Yabancı birinden duyduğumuz Türkçe bir “Nasılsın?” cümlesinin bile o insanla nasıl bir bağ oluşturduğunu ve bizi nasıl mutlu ettiğini çok iyi biliriz

Öylesine kötülüklerle çepeçevre sarılmış, kötülüklere gark olmuşuz ki, bazen küçük bir haber insanın içine sıcacık akıp yüreğini ısıtmaya yetiyor. Geçenlerde T24’te okuduğum bir haber tam da bu etkiyi yaptı bende. “Hayır” dedim kendi kendime, “her şeye rağmen yeryüzünde iyi olan bir şeyler var ve onlar da yaşamaya devam ediyor.” Demek dünya sadece savaş tacirlerinden, satıcılardan, tecavüzcülerden, eline silah alıp ortalığa rastgele ateş açan katillerden, tecavüzcü avukatlarının pişkin sırıtışlarından ibaret değil. Okyanusta damla da olsa, iyilik bir yerlerde yaşamaya devam ediyor. İyi haberler duyulup yayıldıkça da, kötülük denizlerinde her şeye rağmen çoğalıyor ve kendine bir yer bulabiliyor.

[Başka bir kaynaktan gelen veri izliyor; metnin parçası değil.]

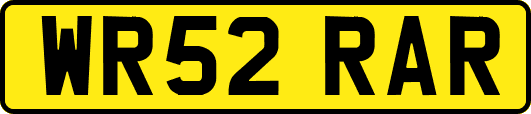 WR52RAR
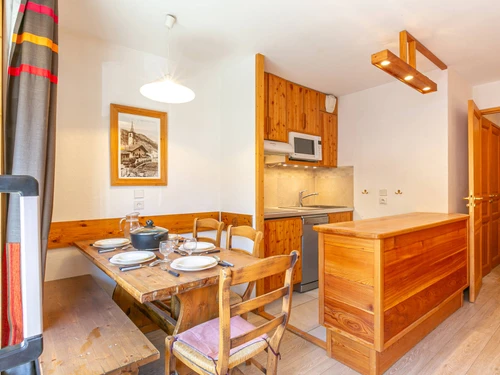 Appartement Val-d'Isère, 2 pièces, 4 personnes - photo_18466633933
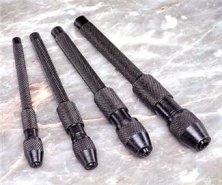 Hand Drills Set (4 pezzi)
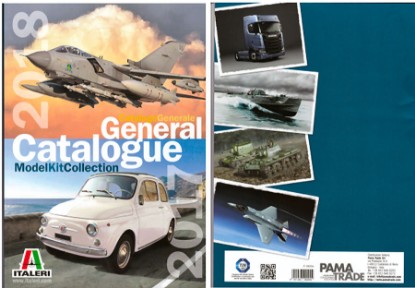 Immagine di CATALOGO ITALERI 2017 PAG.102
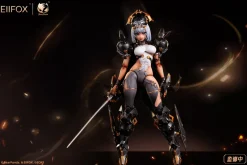 BearPanda Eiifox & EOR7 Fu Chou Zhi Mian 1/12 Action Figure JAPAN OFFICIAL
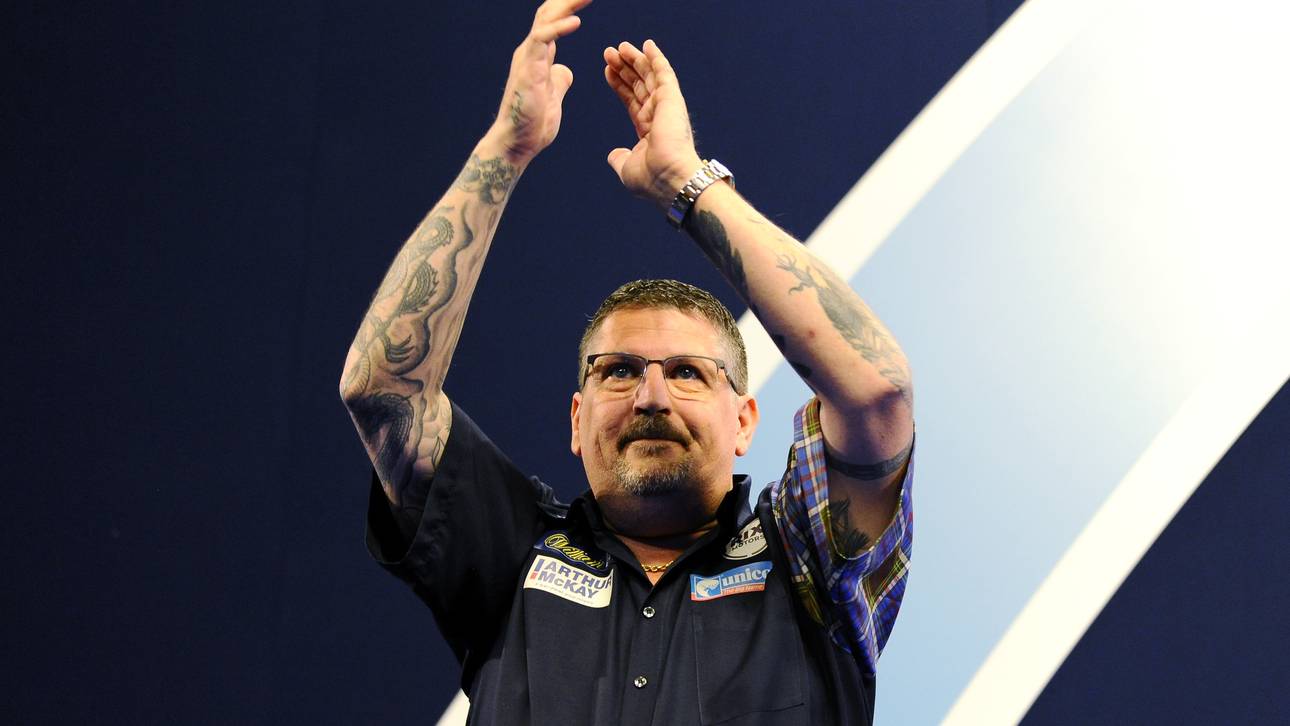 Anderson fliegt ins Halbfinale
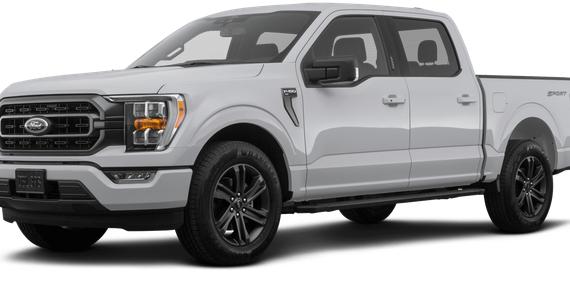 FORD F-150 2022 1FTFW1E5XNKD89258 image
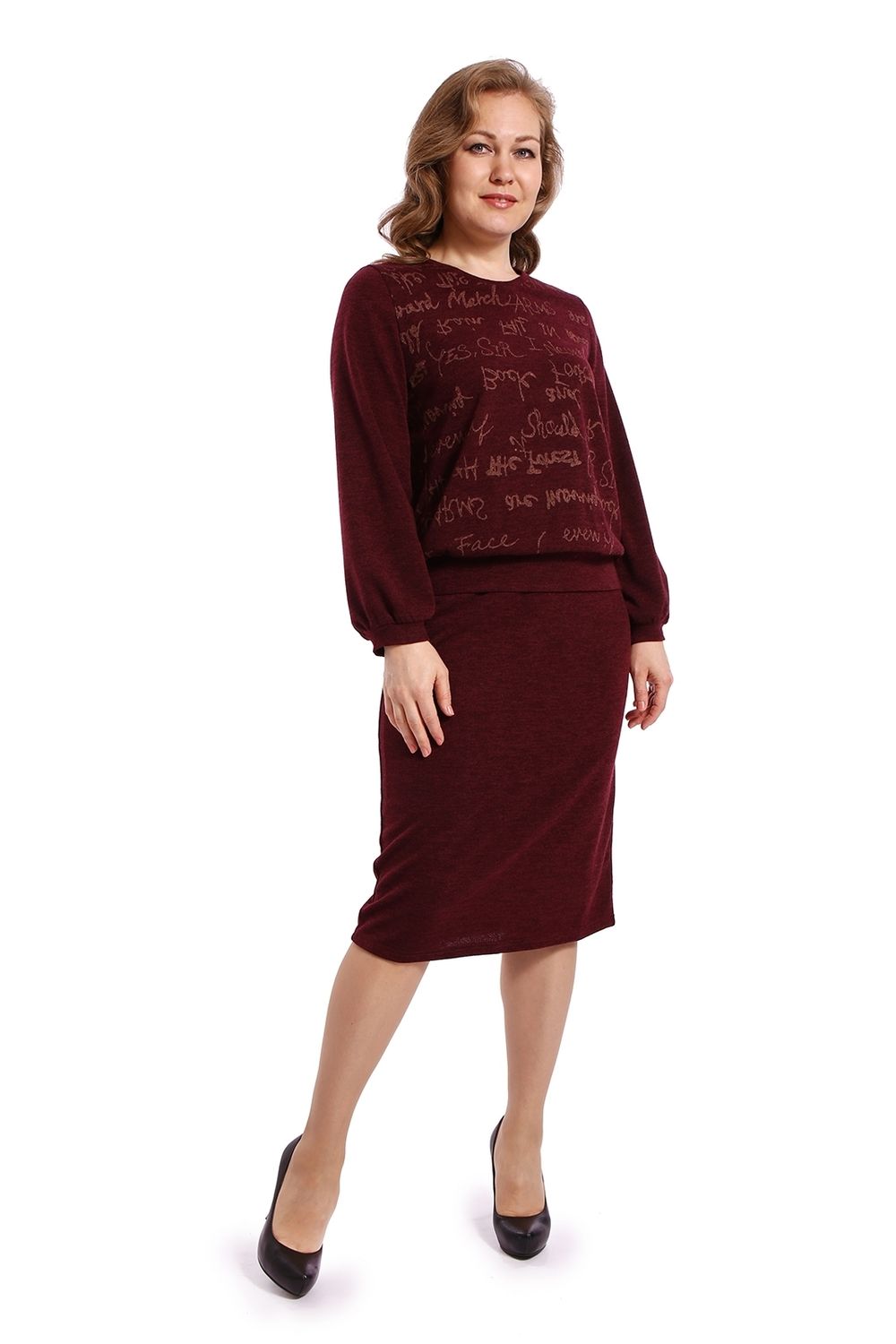 Костюм женский П4185 11058 Olsarri (Акция)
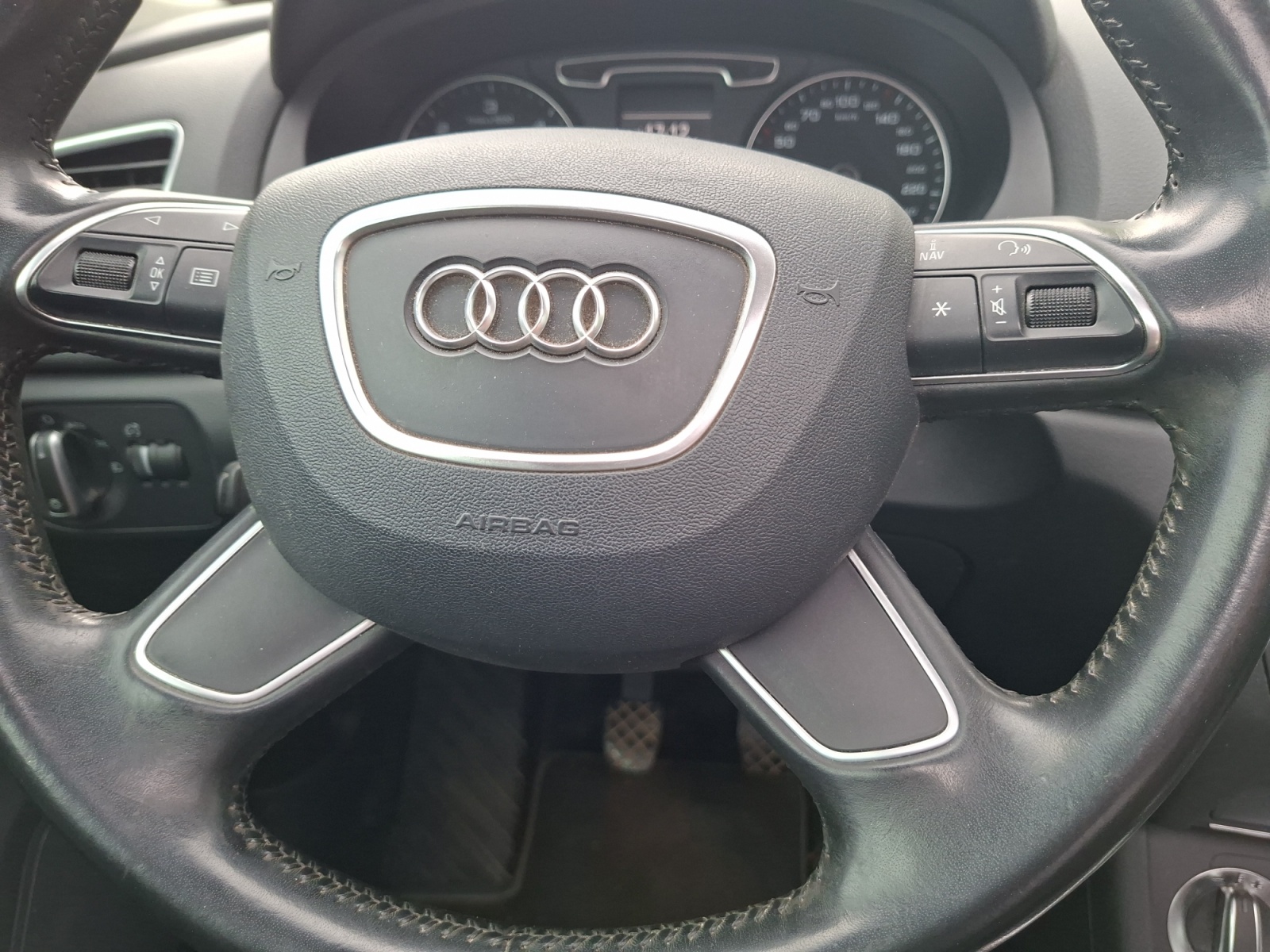 Audi Q3 16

Haber şöyleydi:  ABD’nin Boston şehrinde işitme engelli olarak doğan ve şu anda iki yaşında olan Samantha Savitz’in yaşadığı sokakta oturan yaşları 19 ile 60 arasında değişen 20 komşusu Amerikan işaret dilini öğrenmek için kursa yazılıp bu dili öğrenmişler. Minik Samantha kendisini yalnız hissetmesin diye yapmışlar bunu. Böylece Samantha’nın oturduğu sokakta en çok konuşulan ikinci dil Amerikan işaret dili olmuş. Ne güzel bir haber değil mi? İşaret dili ya da başka bir dil fark etmiyor, dil temel iletişim aracı, insan kendini dille ifade eder, dille düşünür, dille sanat yapar, diliyle var olur. Diliyle kendisini yalnız hissetmekten kurtulur.  Minik Samantha bu dünyaya bir eksik gelmiş olsa da aslında ne kadar şanslı bir çocuk.

Haberi okuyunca içim ısındı ısınmasına da aklıma başka konular da geldi. Bizlerin beraber yaşadığımız komşularımızın diliyle aramız nasıldı? Şimdi bu haberin bize verdiği iyi duygularla, hep beraber düşünelim. Türkiye’de neredeyse 20 milyona yakın Kürt yaşıyor. Onlar bu topraklara sonradan gelmediler, hep buradaydılar. Bizler bu topraklarda onlarla birlikte yaşıyoruz. Kürtçe, bu 20 milyon vatandaşın konuştuğu dil. Kürtlerin anadili. Bizler Kürtçe kaç kelime biliyoruz acaba? Duruma iki boyuttan bakabiliriz, birincisi Kürtçe dili üzerindeki devlet politikaları, ikincisi olarak bizlerin yani anadili Türkçe olan sıradan insanların bu konudaki tutumları. Devlet politikamız açısından bakarsak, biliyoruz ki, daha düne kadar bırakın dillerini resmi olarak varlıkları bile kabul edilmiyordu. Kürtçe ise Kürtler tarafından sokakta bile konuşulması yasak bir dildi. Bugün resmi bir yasak olmasa bile Kürtçe konuşmanın, türkü söylemenin, yayıncılık yapmanın çok da güllük gülistanlık bir ortamda yapılmadığı açık. Kürtlerin ana dillerinde eğitim almaları yasak. Meclis kürsüsünde söylenen birkaç Kürtçe sözcüğün yarattığı fırtınayı hemen hepimiz hatırlıyoruzdur. Daha geçtiğimiz hafta Adana valiliği, HDP’nin organize ettiği Kürtçe Tiyatro Festivalini güvenlik gerekçesiyle yasakladı. Kürt dili bir güvenlik sorunu olarak görülmeye devam ediyor resmi kafalarca.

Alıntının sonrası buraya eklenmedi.